At k=1, the inertia value will always be highest.  This is because k=1 really represents a “non-model” in which all the records are simply lumped together into a single segment.  Unsurprisingly, inertia falls dramatically between k=1 and k=2, since k=2 represents the first meaningful separation of the records into different groups.  As k-values increase, inertia continues to decline, but in a less-dramatic way.  Stated informally, the “bang for the buck” that comes with each additional cluster tends to decrease as the k-values go higher.  Note that in the plot below, the k values only range from 1 to 9 – but the modeler can adjust this by changing the second parameter in the range() function.  

Note that if our only goal were to simply reduce SSE, we would build a k-means model with n clusters for the n observations in our dataset.  If that idea sounds a bit silly to you, then you are in good company – we think so too!  Putting every record into its own segment would defeat the purpose of clustering, which naturally involves tradeoffs.

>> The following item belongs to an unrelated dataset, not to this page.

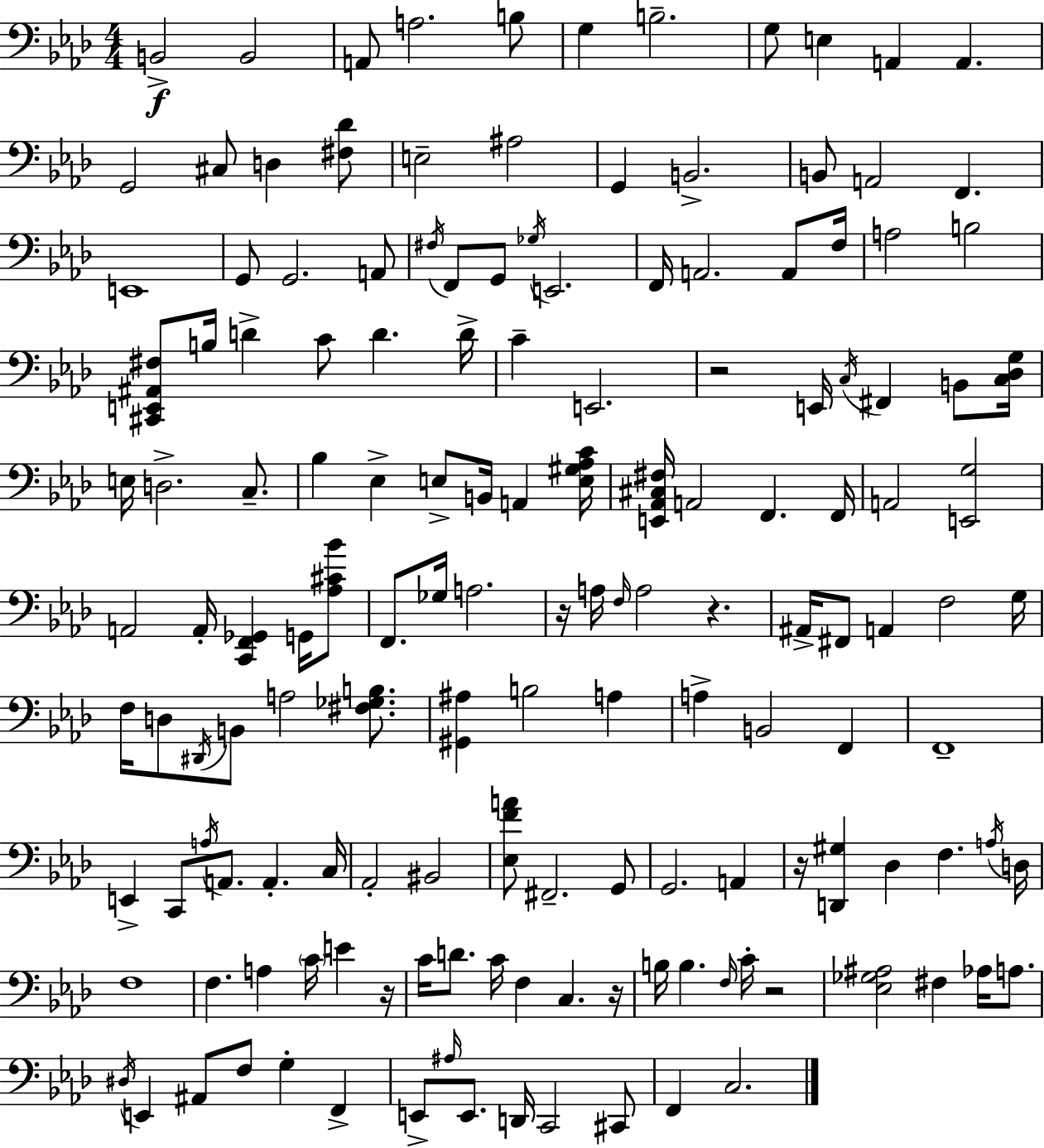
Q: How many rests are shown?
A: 7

As you view the elbow plot, always bear in mind that it does not provide an “answer” for your model – most often, it only provides a starting point for the model to consider.  If a sharp bend, or “elbow” appears in such a plot at k=5, a modeler will often experiment with several nearby k-values before making a decision for the model.  

The data used to build the elbow plot should be the same as the data used to build the model –   note that we are passing ‘port_standard‘ into the kmeans.fit() function below.

Do not expect elbow plots to always create a sharp, easy-t0-spot “elbow.”  Especially when you are working with well-balanced, standardized data, you are far likelier to see a less-dramatic dropoff in SSE as you move from k-value to k-value along the x-axis.


2 Note that the dataset makes no claim regarding representativeness of Greater Portland households, in general.  You might notice that the households included here have a greater number of pets, on average, than would be expected from a general population sample, or that they have higher incomes.